Segment Start: DATA PROVIDED

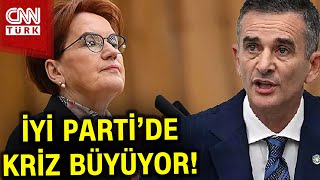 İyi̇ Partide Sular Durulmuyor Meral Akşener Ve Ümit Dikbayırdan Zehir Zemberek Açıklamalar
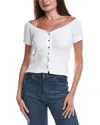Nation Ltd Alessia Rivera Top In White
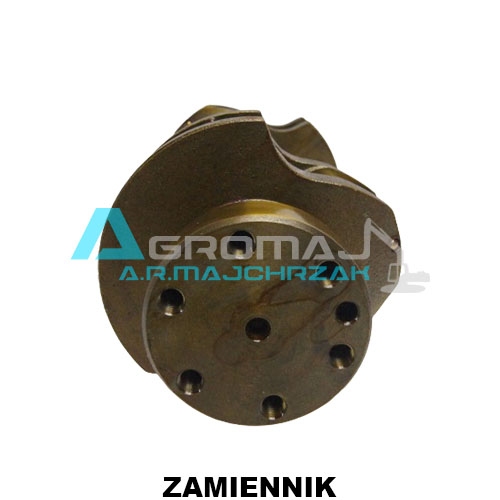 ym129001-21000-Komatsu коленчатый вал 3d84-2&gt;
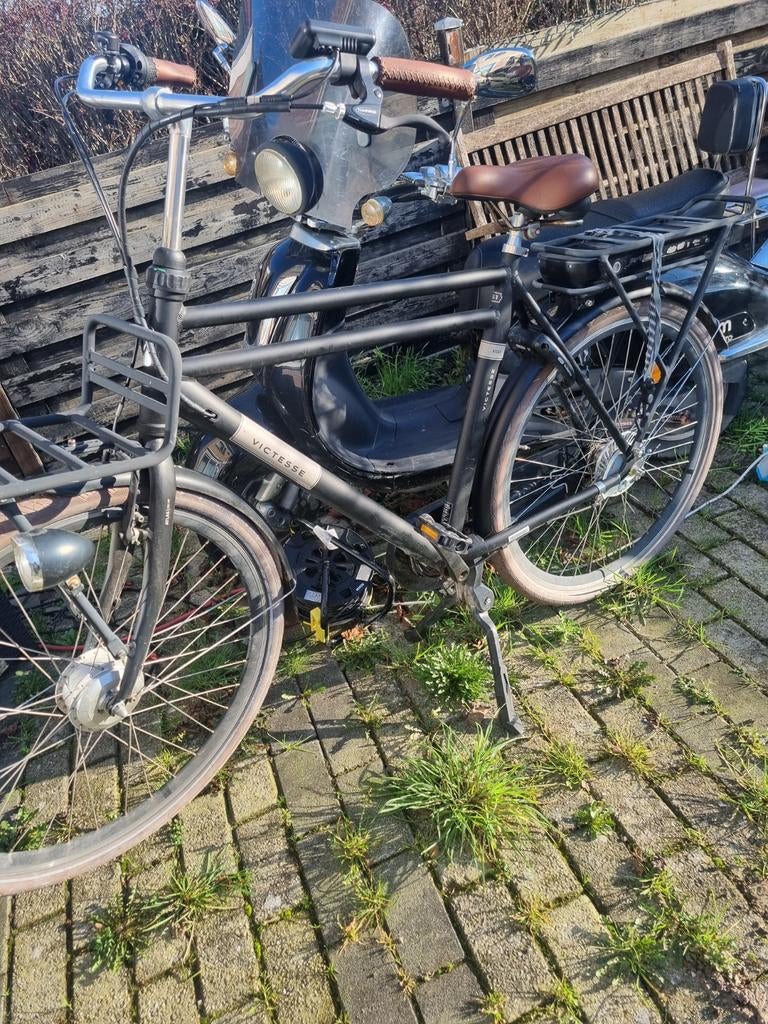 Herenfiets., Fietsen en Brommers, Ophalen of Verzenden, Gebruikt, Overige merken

Segment End: DATA PROVIDED
Segment Start: DATA PROVIDED

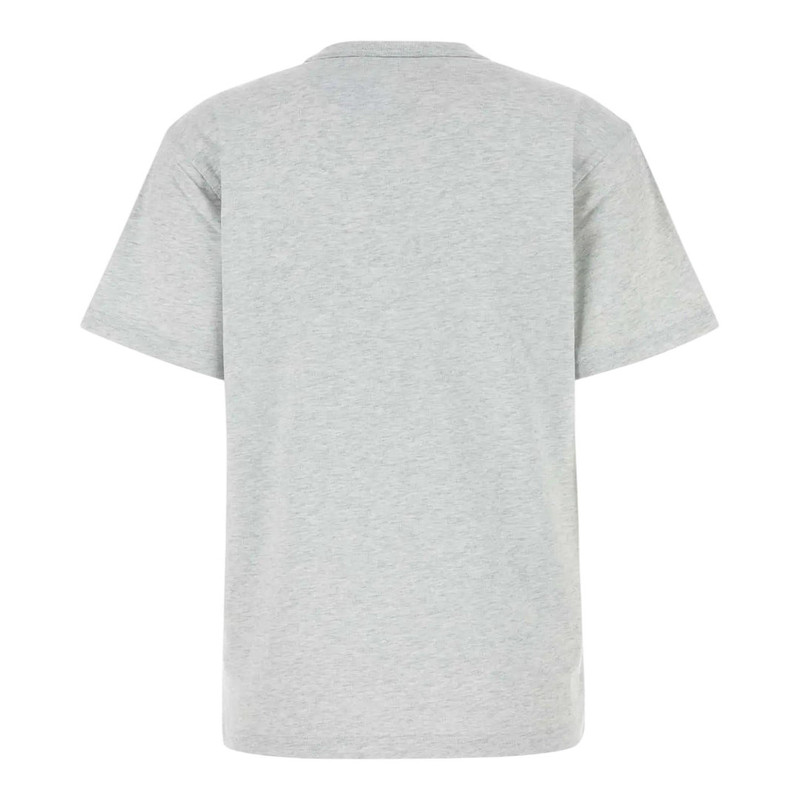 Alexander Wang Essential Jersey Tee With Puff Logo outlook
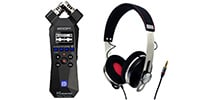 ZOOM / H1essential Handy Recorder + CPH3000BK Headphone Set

Segment End: DATA PROVIDED

PROBLEM TO SOLVE:
Copy the entries above exactly, but only the stretch from the line containing "Alexander Wang Essential" through the line containing "ZOOM / H1essential". Keep both end lines; drop the pictures.

RESPONSE BOX:
 Alexander Wang Essential Jersey Tee With Puff Logo outlook
 ZOOM / H1essential Handy Recorder + CPH3000BK Headphone Set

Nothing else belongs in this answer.